Even when the conversion from PDF to a digital file is perfect, as is the case in the two lines of Japanese text above, if you take a closer look at these two lines in Japanese, you will see that the spacing between the characters is not perfectly uniform. This is not a problem for human eyes, but a huge, perhaps insolvable problem for a scanner. A small irregularity (lack of perfectly uniform spacing), combined with the fact that there are no spaces between Japanese words (Japanesetextiswrittenlikethis), will thus result in completely useless machine translation, such as the pseudo-translation above.
The translation agencies who describe in almost adulatory language the nifty language technology tools that they are trying to sell to new customers live in a universe that does not seem to have anything in common with the real world in which translators must translate real documents, namely in such a way so that the goal of the translation would be met – or at least so that these documents would make sense in another language.
They have created a special world for a new kind of “translation industry”, or language conversion industry, a world in which “enterprise-grade translation management platform is integrated with the version control systems developers use to manage their product strings, including Git, Mercurial, Subversion and CVS, optimizes product internationalization and accelerates product release cycles, allowing companies to increase user engagement and satisfaction by providing a localized web, desktop or mobile app experience”.

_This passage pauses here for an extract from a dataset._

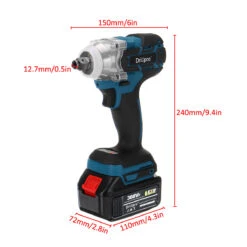 Drillpro 388VF 2 In1 520N.M Brushless Impact Cordless Electric Wrench Power Tool W/ 1/2x Battery -Home-Tools dd73ebe4 bc26 4fbb 8ad0 b9bc6da6e12e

This fabulous new world has almost nothing to do with translation, or maybe a little bit, since in the end the cloud workers (also referred to as clown workers), whoever they are and wherever they may be hiding, must be ultimately unleashed to “translate the corpus” from one language to another, or probably to many other languages, (to the extent permitted by the new technology).
Personally, if I were running an innovative language conversion enterprise, I would make sure to specialize only in translation into languages that my customers do not understand.